━━ MATERIAL PROVIDED

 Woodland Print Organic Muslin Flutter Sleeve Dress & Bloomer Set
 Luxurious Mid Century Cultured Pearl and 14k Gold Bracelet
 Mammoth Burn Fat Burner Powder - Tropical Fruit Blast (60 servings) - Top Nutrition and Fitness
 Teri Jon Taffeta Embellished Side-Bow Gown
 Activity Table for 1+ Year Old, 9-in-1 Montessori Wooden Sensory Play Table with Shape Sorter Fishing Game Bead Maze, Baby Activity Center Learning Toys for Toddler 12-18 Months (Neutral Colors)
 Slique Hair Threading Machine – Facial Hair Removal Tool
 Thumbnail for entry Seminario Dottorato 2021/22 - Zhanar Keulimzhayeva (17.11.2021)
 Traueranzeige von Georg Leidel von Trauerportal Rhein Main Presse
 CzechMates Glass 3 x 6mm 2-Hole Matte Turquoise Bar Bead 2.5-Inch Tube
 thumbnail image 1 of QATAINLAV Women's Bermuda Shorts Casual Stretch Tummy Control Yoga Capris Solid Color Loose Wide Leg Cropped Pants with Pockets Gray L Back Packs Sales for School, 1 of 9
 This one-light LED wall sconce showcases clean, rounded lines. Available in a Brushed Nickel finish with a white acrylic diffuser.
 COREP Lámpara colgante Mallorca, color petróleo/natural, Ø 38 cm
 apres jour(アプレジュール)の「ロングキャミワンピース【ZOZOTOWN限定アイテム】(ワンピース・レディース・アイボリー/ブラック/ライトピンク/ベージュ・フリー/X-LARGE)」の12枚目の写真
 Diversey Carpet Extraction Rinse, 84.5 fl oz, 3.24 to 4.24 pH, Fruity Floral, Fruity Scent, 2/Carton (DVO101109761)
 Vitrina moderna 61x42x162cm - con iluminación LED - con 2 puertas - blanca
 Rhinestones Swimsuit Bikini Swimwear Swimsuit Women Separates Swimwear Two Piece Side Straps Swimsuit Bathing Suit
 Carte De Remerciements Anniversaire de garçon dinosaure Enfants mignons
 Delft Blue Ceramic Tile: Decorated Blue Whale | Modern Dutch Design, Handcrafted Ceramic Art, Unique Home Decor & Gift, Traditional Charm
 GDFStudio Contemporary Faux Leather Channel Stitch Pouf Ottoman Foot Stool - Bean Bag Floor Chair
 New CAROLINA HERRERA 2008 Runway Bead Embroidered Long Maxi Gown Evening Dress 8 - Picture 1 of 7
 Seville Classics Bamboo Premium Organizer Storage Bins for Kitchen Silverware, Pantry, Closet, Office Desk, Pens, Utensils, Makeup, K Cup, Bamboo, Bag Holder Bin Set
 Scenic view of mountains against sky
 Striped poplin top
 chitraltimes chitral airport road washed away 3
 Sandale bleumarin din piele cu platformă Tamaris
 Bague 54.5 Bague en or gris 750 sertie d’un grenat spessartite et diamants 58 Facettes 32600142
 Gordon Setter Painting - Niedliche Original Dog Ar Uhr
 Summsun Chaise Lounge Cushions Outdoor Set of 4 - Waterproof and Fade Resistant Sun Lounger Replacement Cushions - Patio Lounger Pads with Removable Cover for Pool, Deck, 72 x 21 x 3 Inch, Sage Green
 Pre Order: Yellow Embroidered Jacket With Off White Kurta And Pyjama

━━━━

• **EXERCISE REQUIREMENTS**: All lines above from the line with "Teri Jon Taffeta Embellished Side-Bow Gown" through the line with "CzechMates Glass 3", both included, are to be set down exactly, with nothing else.

• **RESULT FOR THIS TASK**:
 Teri Jon Taffeta Embellished Side-Bow Gown
 Activity Table for 1+ Year Old, 9-in-1 Montessori Wooden Sensory Play Table with Shape Sorter Fishing Game Bead Maze, Baby Activity Center Learning Toys for Toddler 12-18 Months (Neutral Colors)
 Slique Hair Threading Machine – Facial Hair Removal Tool
 Thumbnail for entry Seminario Dottorato 2021/22 - Zhanar Keulimzhayeva (17.11.2021)
 Traueranzeige von Georg Leidel von Trauerportal Rhein Main Presse
 CzechMates Glass 3 x 6mm 2-Hole Matte Turquoise Bar Bead 2.5-Inch Tube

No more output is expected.